● **Work task**
Each of the lines below must be written out exactly as shown.

======== Provided material

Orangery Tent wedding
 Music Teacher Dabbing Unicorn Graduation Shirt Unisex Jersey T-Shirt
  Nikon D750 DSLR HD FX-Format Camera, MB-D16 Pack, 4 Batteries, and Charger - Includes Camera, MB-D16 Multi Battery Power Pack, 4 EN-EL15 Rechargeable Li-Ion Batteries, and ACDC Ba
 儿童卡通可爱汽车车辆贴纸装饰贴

================

● **The completed task**
Orangery Tent wedding
 Music Teacher Dabbing Unicorn Graduation Shirt Unisex Jersey T-Shirt
  Nikon D750 DSLR HD FX-Format Camera, MB-D16 Pack, 4 Batteries, and Charger - Includes Camera, MB-D16 Multi Battery Power Pack, 4 EN-EL15 Rechargeable Li-Ion Batteries, and ACDC Ba
 儿童卡通可爱汽车车辆贴纸装饰贴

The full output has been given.